Monday, September 06, 2010


4 Little Girls (1997)
directed by Spike Lee
rating: 4 out of 5 cravats
on DVD from Netflix

I recently used this as an example of how I seem to spend more time crying during movies and TV shows than I used to, but followed it up with a joke about Dumb & Dumber. Specifically, the scene where Lloyd turns on the waterworks during a commercial. I think he wipes his tears with hundred dollar bills, but like Kenny Powers yelling at Wayne and Dustin Jr., I don't have the creative capacity to say something constructive about a story as heartbreaking as 4 Little Girls without sounding like an asshole. By which I mean that there's nothing I can add to a conversation about good people and bad people that isn't conveyed better by these mothers and fathers who grew old with daughters dead and buried decades ago. The South is routinely condescended to in the national narrative, but these families are testaments to why that is a disservice to so many of the people who live there, and to what they have given the country that so many of their neighbors take for granted.

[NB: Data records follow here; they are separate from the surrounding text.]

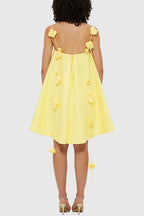 Sexy Flower Shape Square Neck Sling Dresses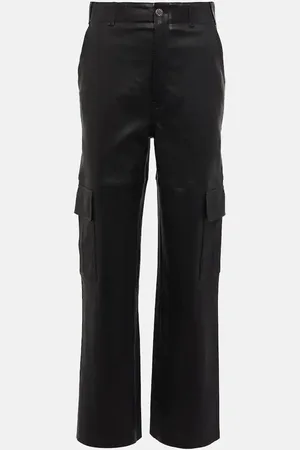Stouls Axel leather cargo pants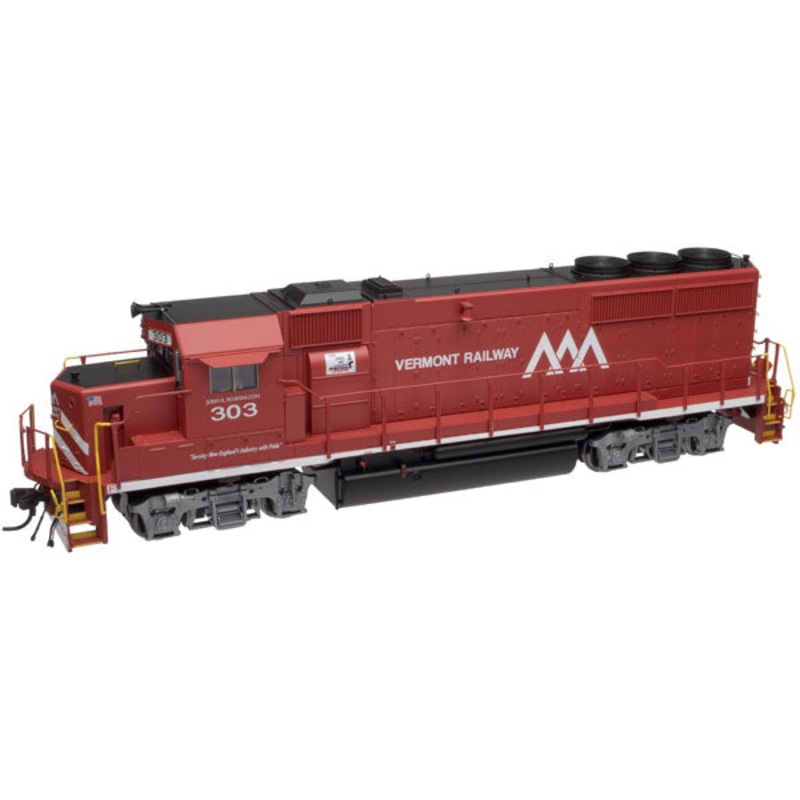 Atlas 10000972 HO Scale EMD GP40-2 Vermont Railway VTR 303 - Like New USED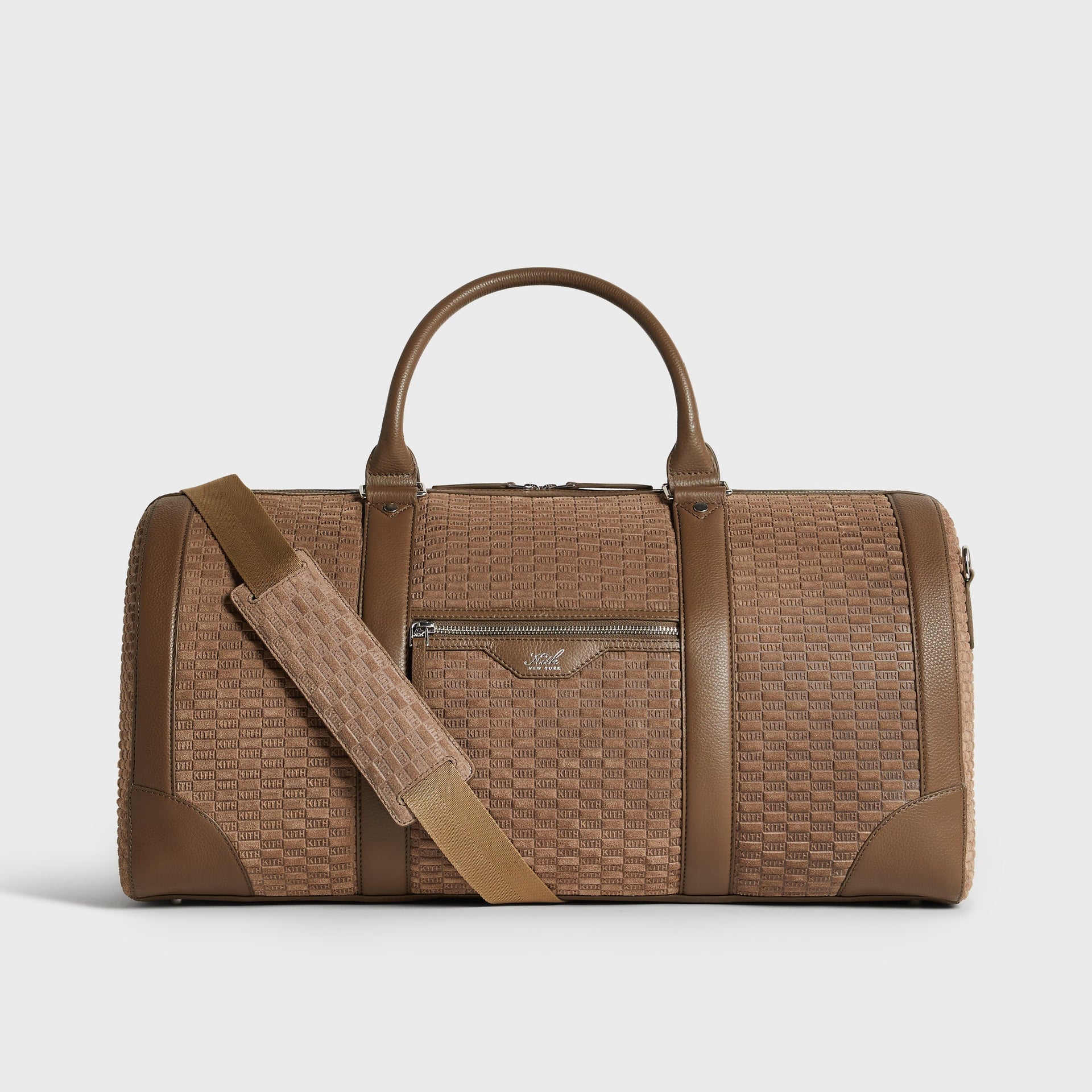 Kith Monogram Suede Traveler K55 Duffle Bag - Java - PH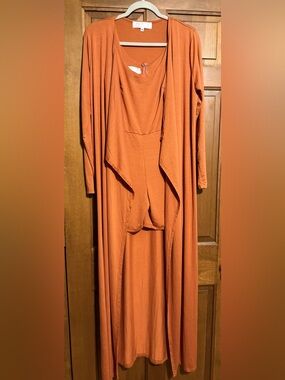 Duster and Shorts Matching Set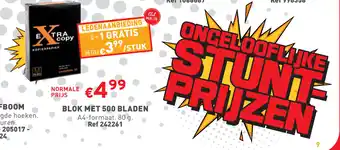 Trafic BLOK MET 500 BLADEN aanbieding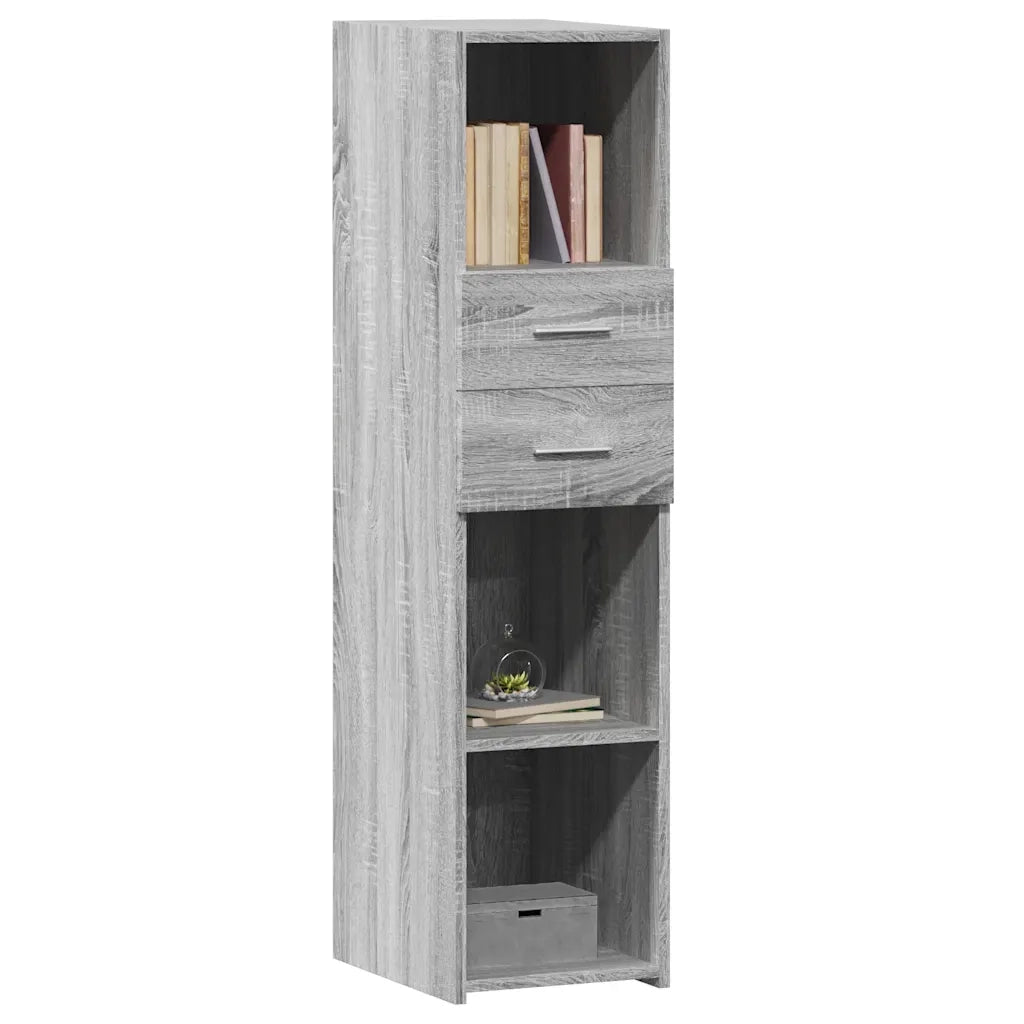 Credenza | Madia | Buffet da pranzo | Armadio da pranzo Grigio Sonoma 30x42,5x124 cm in Legno Multistrato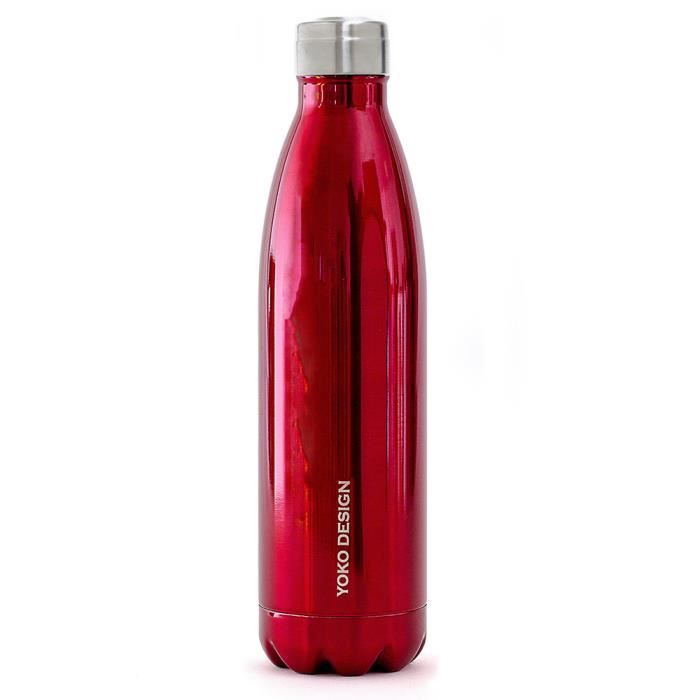 Bouteille isotherme XL 750 ml Rouge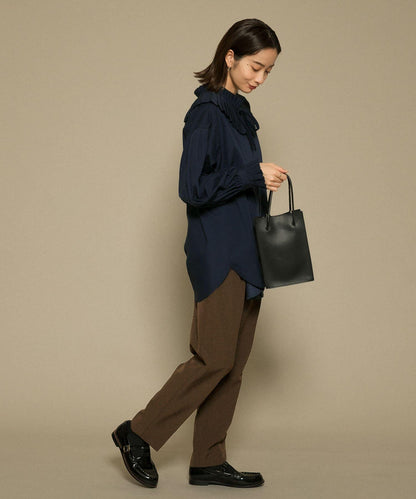 illi 單褶修身錐形褲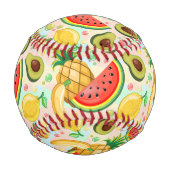 Frisches Sommerkulstmuster Baseball (Rückseite)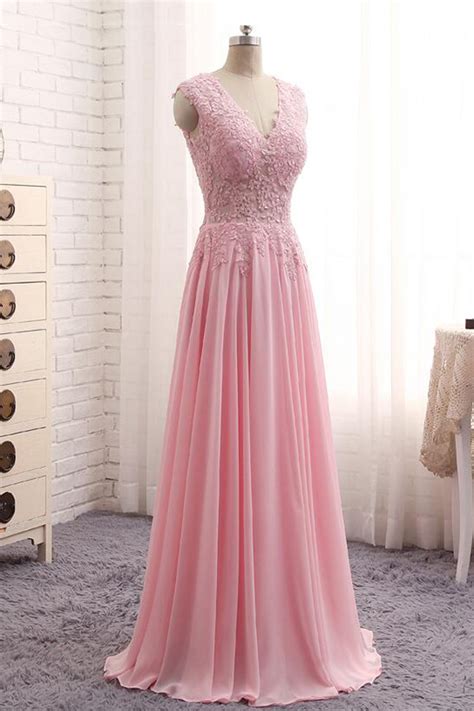 pink prom dresses chiffon high neck long blush pink prom dress promgirl pink prom dresses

Thursday, September 02, 2010

In the Trenches with Sexy Rexy

Night Train to Munich (1940)
directed by Carol Reed
rating: 3 out of 5 cravats
on DVD from Netflix

There's a fairy tale component to Reed's production that reminds me of Powell & Pressburger: double agents, beautiful daughters spirited across the English channel, alpine gondolas built on London backlots. But P & P said a lot about human nature in even their most patriotic efforts, whereas Reed seems content with a boardwalk song and dance. Perhaps that's why the comedy of an earlier generation - those not slaughtered in the Battle of the Somme - feels so toothless and out of place in the mouths of two idiots who do nothing but complain about soldiers on the cricket lawn. I don't know; it's all so sad, when you think about it, that it's a wonder movies get made at all. Not that I'm above a comment about the beautiful British heroine growing less beautiful as the movie progresses (and her soft focus shots gain a little clarity), but I'd rather sing Rex Harrison and Paul Henreid home across the water to their new careers as accented laugh kings in the land of the free.